Single-parameter persistence modules are commonly attained by applying homology to a filtered topological space. This process is called persistent homology and finds a wide range of applications. Since many applications are involved with multiple parameters, it is natural to consider multi-parameter persistence modules. Magnus B. Botnan, Vadim Lebovici, and Steve Oudot focus on 2-parameter persistence modules and explore two questions: (1) Can one identify a sensible class of 2-parameter persistence modules on which the rank invariant is complete? (2) Can one determine efficiently whether a given 2-parameter persistence module belongs to this class? With their class of interest being rectangle-decomposable modules, they provide positive answers to both these questions.

Given a d-chain A in a simplicial complex K and a set of weights provided by a diagonal matrix W of appropriate dimension, the Optimal Homologous Chain Problem (OHCP) seeks an $L_1$-norm minimal chain ${\Gamma }_{min}$ homologous to A. While it is already known that OHCP is NP-hard in the classical setting, David Cohen-Steiner, André Lieutier, and Julien Vuillamy study a special case of OHCP, the Lexicographic Optimal Homologous Chain Problem (Lex-OHCP), for integer modulo 2 coefficients, where the optimality means a minimal lexicographic order on chains induced by a total order on simplices.
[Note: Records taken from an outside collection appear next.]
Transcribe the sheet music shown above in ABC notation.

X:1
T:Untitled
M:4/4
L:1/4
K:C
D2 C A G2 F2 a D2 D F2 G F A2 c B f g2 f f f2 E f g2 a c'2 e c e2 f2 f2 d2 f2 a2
They present polynomial time algorithms for Lex-OHCP, and show an application of Lex-OHCP in the context of point cloud triangulation.

When analyzing graph structures, traditional topological data analysis (TDA) has focused largely on undirected graphs. However, more and more applications are involved with directed graphs, and thus new TDA techniques for directed graphs are desired. Path-homology developed for directed graphs has been utilized to analyze directed graphs from a topological viewpoint. Tamal K. Dey, Tianqi Li, and Yusu Wang develop an algorithm for computing this path-homology and its persistence more efficiently for the 1-dimensional case, by exploiting various structures and their efficient computations for 1-D path-homnology. They also present experimental results for their algorithm implementation.
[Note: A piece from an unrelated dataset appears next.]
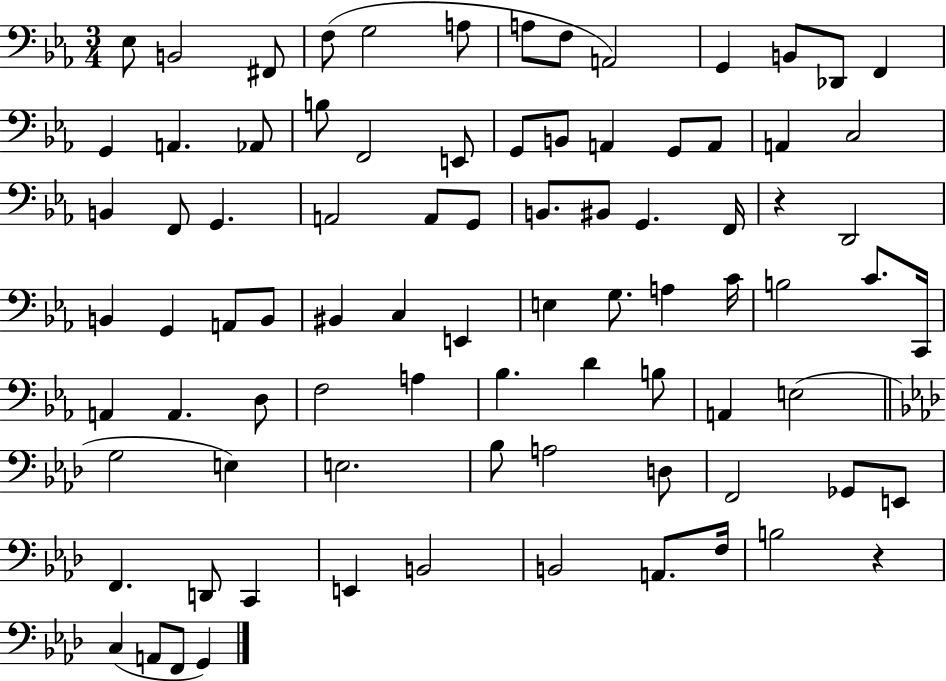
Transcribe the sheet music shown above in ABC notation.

Geometric centers. For a convex body K (K is a compact convex set with nonempty interior) in n dimensions and a point p in the interior of K, a hyperplane h passing through p is called barycentric if p is the barycenter (also called the centroid) of $K\cap h$. A proof in 1963 stated that for any convex body K in n-D, there exists an interior point p of K through which there are at least $n+1$ distinct barycentric hyperplanes, where $p=p_0$ is the point of maximal depth in K. Zuzana Patáková, Martin Tancer, and Uli Wagner show that one of the auxiliary claims in the 1963 proof is incorrect by providing a counterexample. This re-opens the question on barycentric cuts of a convex body. They also prove that four distinct barycentric cuts through $p_0$ are guaranteed if $n\ge 3$.

Given a set S of n points in the Euclidean plane, the 2-center problem seeks to find two congruent disks of the smallest radius whose union covers all the points of S. This is a classical problem in Computational Geometry that has attracted considerable attention and for which most results were obtained two to three decades ago. Haitao Wang presents a deterministic $O(n{log}^{2}n)$ time algorithm for this problem, improving the previous best-known result over 20 years ago. The paper also presents a deterministic $O(nlognloglogn)$ time algorithm for the case when the points of S are in convex position, that is, when every point of S is a vertex of the convex hull of S. To achieve the main results, Wang develops new techniques to dynamically maintain circular hulls of points, a setting that appears in several other geometric problems.